Now that you've reached the second act of your script, it's important to have your B Story at least 30 pages in. In some cases, the B story is hinted in the first act, but isn't official until the second act. Like for example, in Aladdin, in Act 1 we see our protagonist, Aladdin first meet Princess Jasmine in the marketplace, but the B story doesn't officially begin in act 2 when Aladdin meets Jasmine, disguised as Prince Ali. From there we can see their love begin to blossom.
Some might think that the B story is always the love story, but in other cases, the B story can be a subplot. It's important to note that whether you have a B story character or a B story subplot, near the end of Act 2, the protagonist has to either lose the A story or the B story, and in some cases, it's usually the B story that fails. But more on that later. Let's take a look at some B story examples.
In Frozen, we meet Kristoff as Anna's love interest. Sure he doesn't look like royalty, but he is the driving force that helps Anna on her quest. It's important to note that when you have a B story character, they need to be like a mentor to the protagonist. During the journey, he advises her that she can't marry someone she just met and even fights to protect her from a pack of wolves and a giant snow monster named Marshmellow made by Elsa (which doesn't happen until the One Hour Turning Point also known as the Midpoint.)
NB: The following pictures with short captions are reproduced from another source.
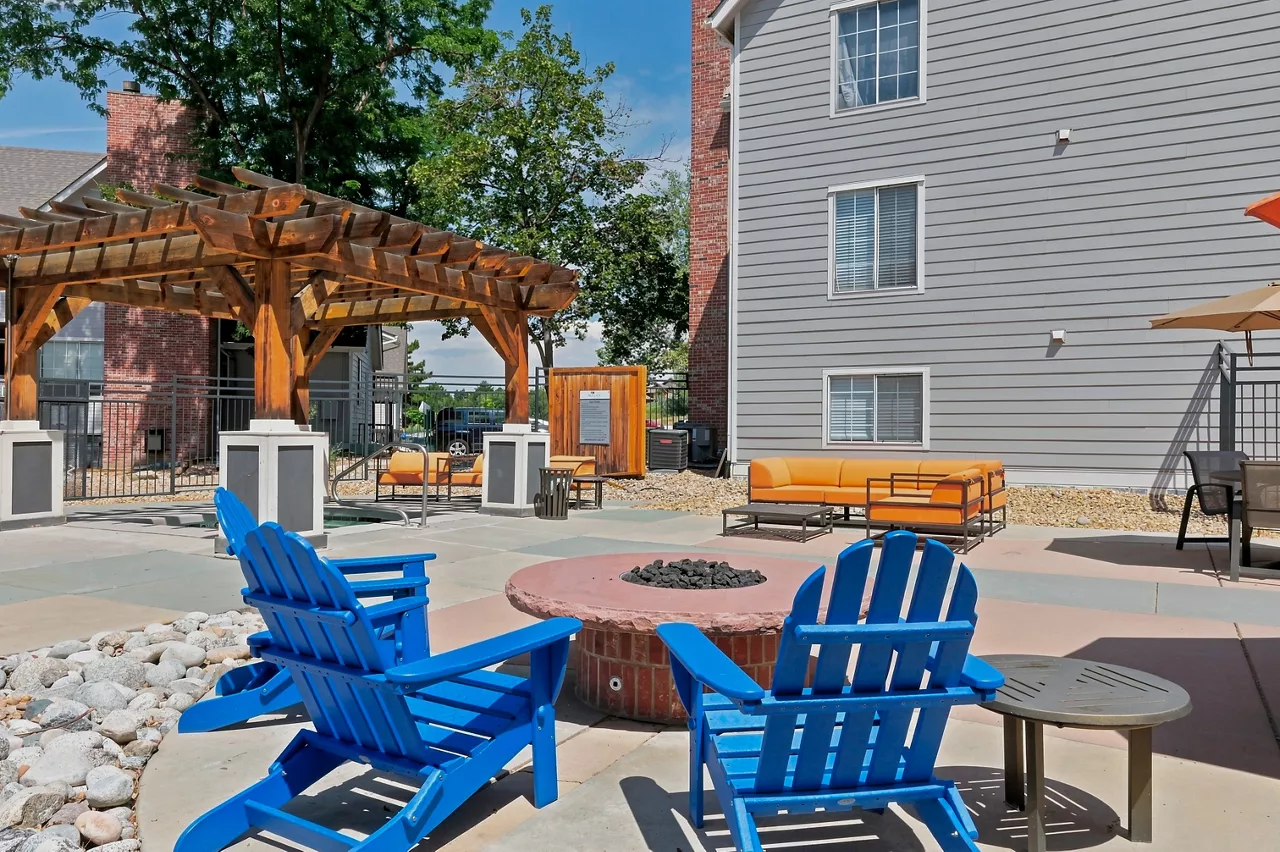 Skyview - Westminster, CO - Fire Pit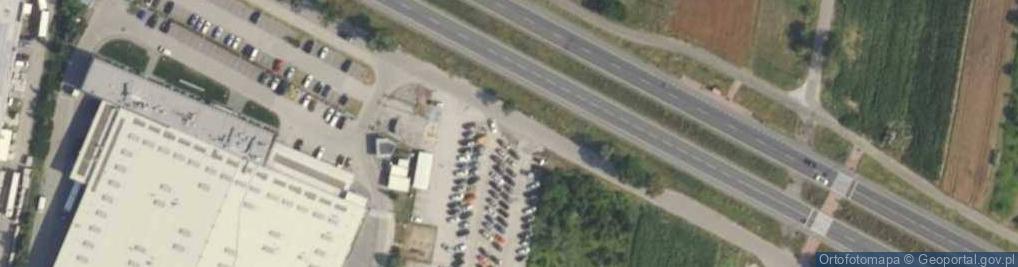 Zdjęcie satelitarne Gdańska ul.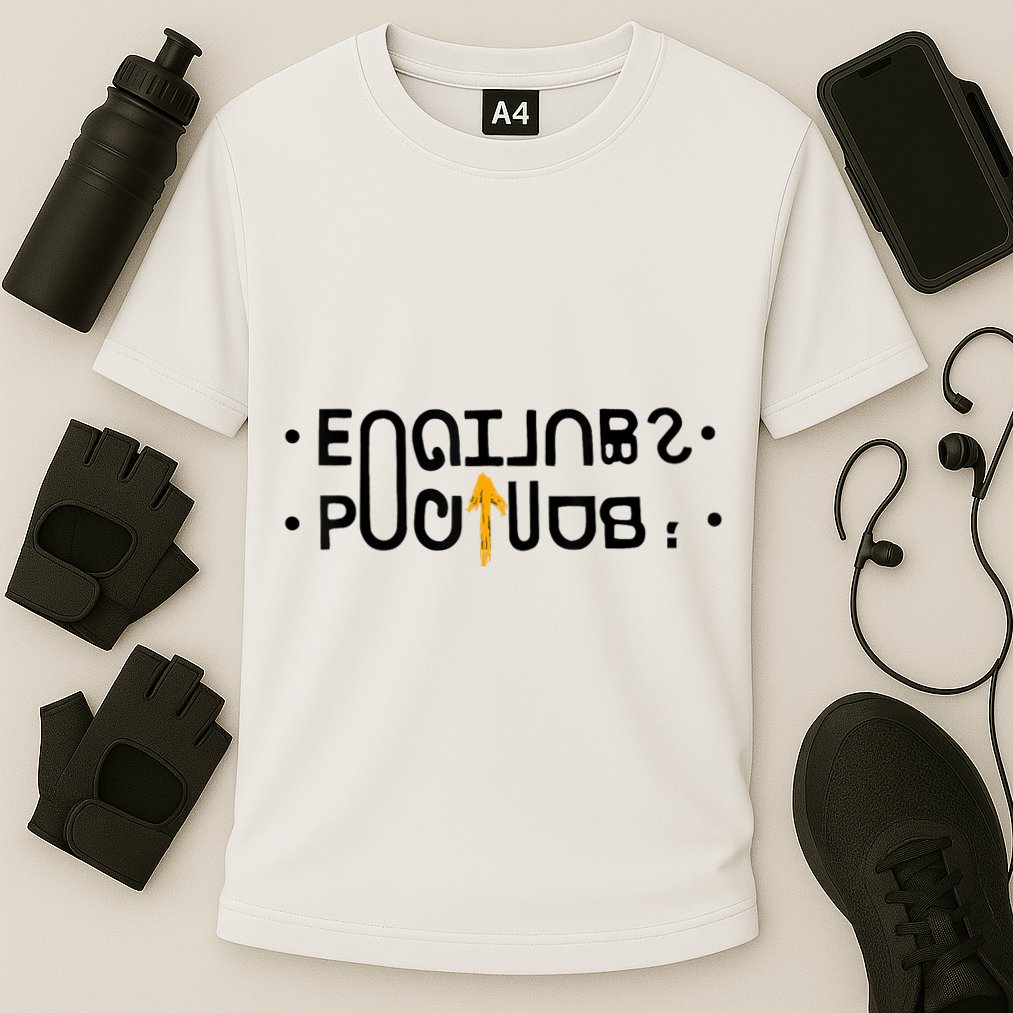 Footjob (Flip Up) Cooling Performance Crew T-Shirt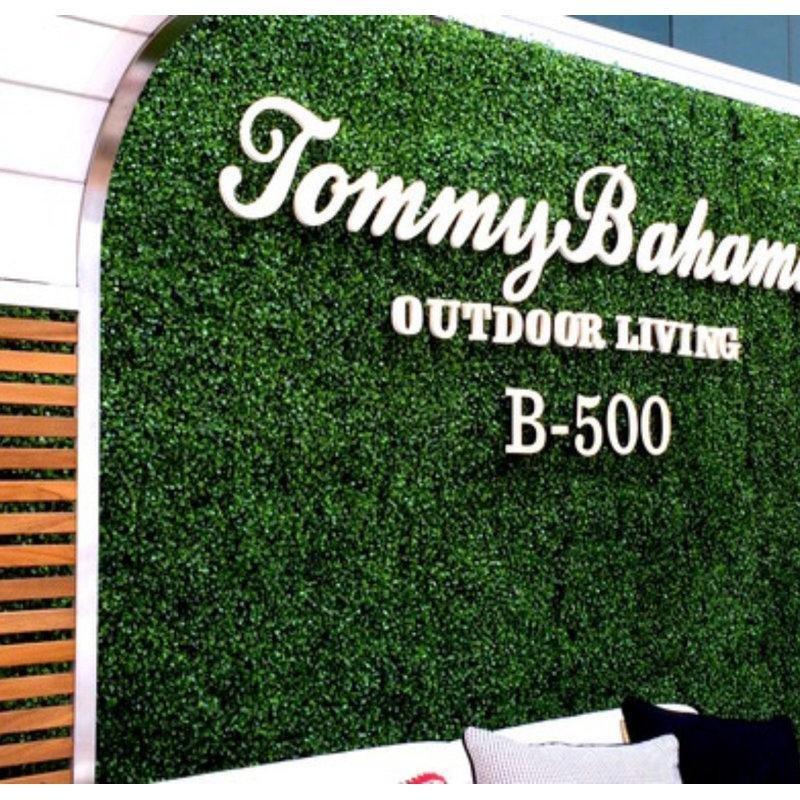 Yeşil Polietilen UV Korumalı Çift Taraflı 5li Set Bahçe Paravanı - 102x102 cm - 173027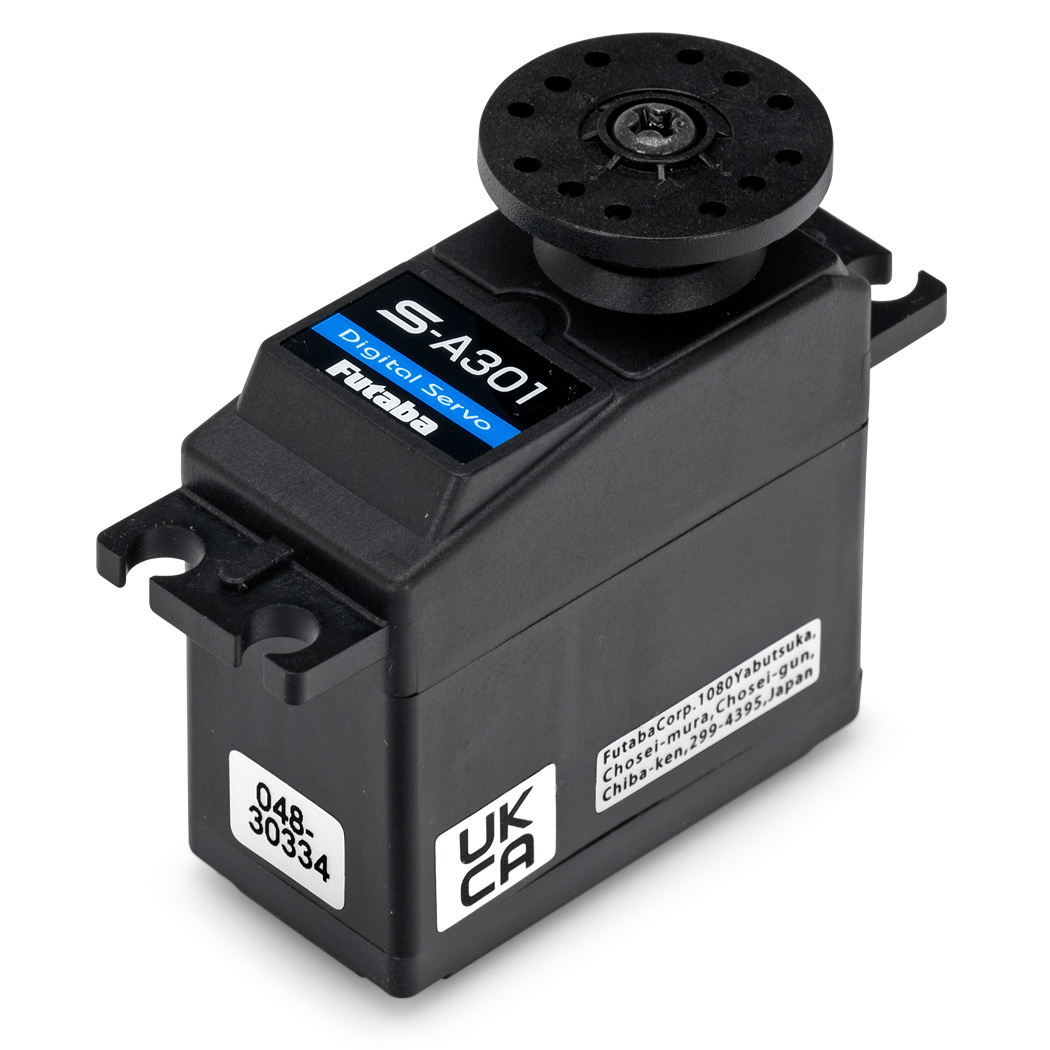 Futaba S-A301 Flygservo 9kg 0.13s Metalldrev HV S.BUS2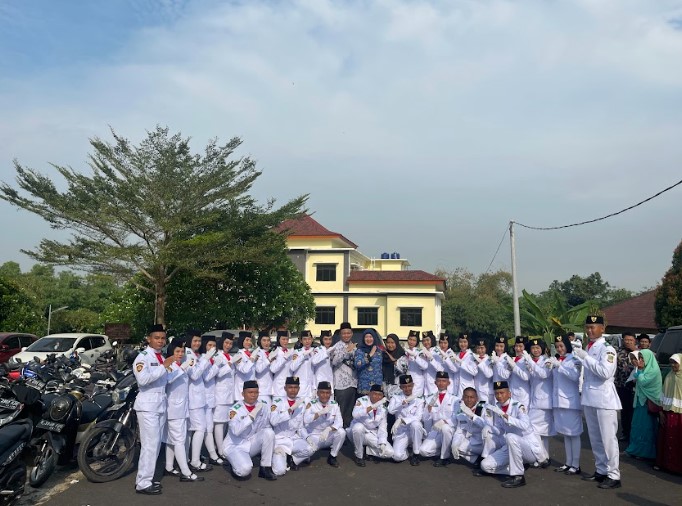 Ekstrakurikuler Paskibra SMAN 1 BOJONGMANGU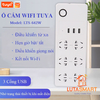 Ổ cắm thông minh kéo dài  Wifi - Tuya - Giám sát điện năng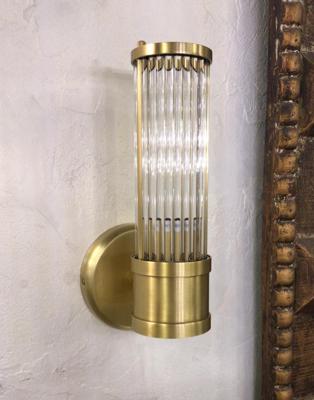 Бра Delight Collection Настенный светильник Allen 7001 brass арт. BRWL7001-AB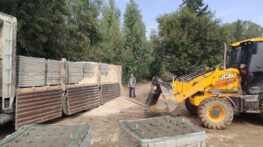 YUMURTALIK BELEDİYESİ TÜM EKİPLERİYLE SAHADA…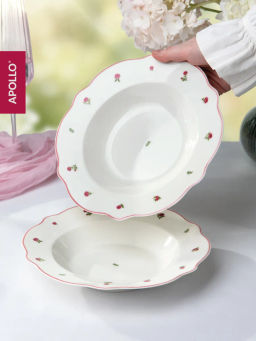Тарелка суповая APOLLO genio "French rose" 22 см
In Liar Liar, the B story follows Fletcher's relationship with his son Max. From this point on, it's a battle between family and work which raises the stakes a bit. If he wins the case, he could risk losing his son in the process. As a viewer, we then begin to ask ourselves how he is going to able to keep both? During the second act, we see Fletcher struggling to balance the court case and spending time with Max before he moves to Boston with his ex wife.
Finally, in The Wizard of Oz, although the characters Dorothy meets along the yellow brick road (the scarecrow, tin man, and cowardly lion) help her meet the wizard, the real B story character of the three is the scarecrow because just before she's about to click her heels to go home, she says to the scarecrow, "I'm going to miss you most of all."
Hopefully these examples provided some extra guidance for your script. Just note that sometimes, it's okay to give a hint of the B story in the beginning, but don't make it official until the second act. Once again, going back to Liar Liar, we see the loving relationship between Fletcher and Max from the beginning. We learn from their interaction that, although he's divorced, he still has love for his son and wants to be there for him. However with the court case standing in his way, he hasn't had much time to spend time with Max and puts work first, which dampers their relationship a bit.